I’m Freakin’ Out! College Applications Soon Due

Chewed up pencils, pulled out hair and crumpled up pieces of paper, it must be time for the high school’s seniors to apply to college.

As the recommended deadline for college applications comes near, many Penn Manor seniors are feeling the pressure to get their applications in, as well as finish the graduation requirements for high school.

One senior in particular, Rebecca Irwin, is feeling the heat.

“The application requirements aren’t very clear and I don’t have a lot of time to call and ask because I’m too busy working on my senior project for here [school] and for CTC,” said Irwin.

Irwin plans to apply to Messiah College, Liberty or Bloomsburg universities for nursing.
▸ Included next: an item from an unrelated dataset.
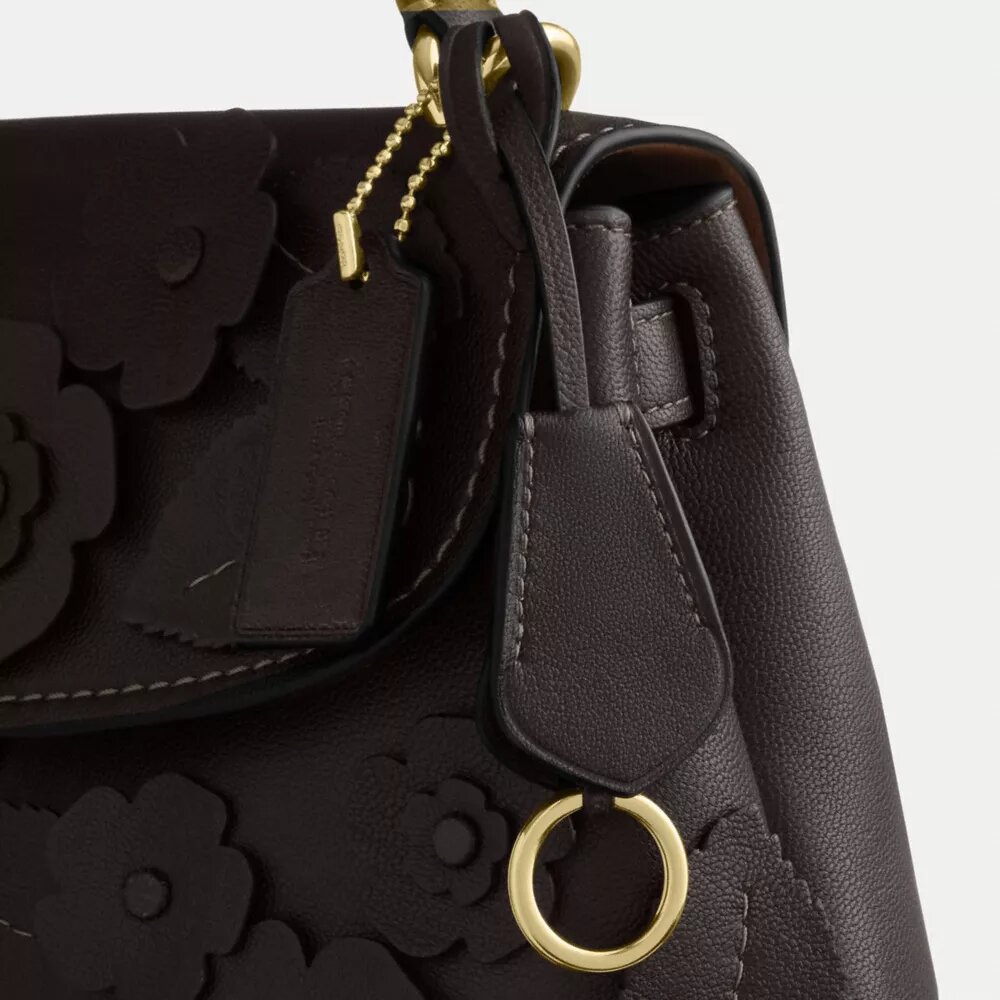 Emory-tas met handvat en bloemenapplicatie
She’s preparing for her future profession by attending the County Career and Technology Center (CTC).

Seniors feel the stress as they apply for college Photo from: Google Image

“I’m not even close to finishing my applications, and it really concerns me,” said Irwin.
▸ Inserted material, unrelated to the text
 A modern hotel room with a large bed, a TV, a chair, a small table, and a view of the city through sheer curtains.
The guidance office recommends that students have their applications handed in no later than the end of October and that each student should apply to at least four colleges in which they are interested.

Four colleges means four application fees.

“I hate them (application fees) because you’re supposed to apply to more than one college, and that’s a lot of money for nothing, because three out of the four fees are for nothing,” said senior, Cheyenne Brubaker.

Brubaker plans on getting a major in business management with a minor in accounting and, in preparation for college, she attended a week-long business camp.

As if it’s not bad enough that seniors have to deal with application dates and choosing their colleges of choice, they are getting bombarded with college mail.

“I usually just throw it [the mail] away,” said Irwin.

Some words of comfort may come from teachers who are more than willing to write a letter or recommendation, something which the counseling office recommends that seniors hand in along with their applications.

Although senior, Emily Hess was worried about her recomendations.

“I’m applying to all the military branches, and I asked teacher from my old Mennonite school to write my letters, but they don’t believe in war so I thought they wouldn’t do it, but they did,” said Hess.

Another recommendation from counselors to seniors is to retake the SATs if they aren’t happy with their scores or if they feel as though they could have done better on them.

Hopefully, by November, bald spots the seniors have created from pulling out their hair will be filled in.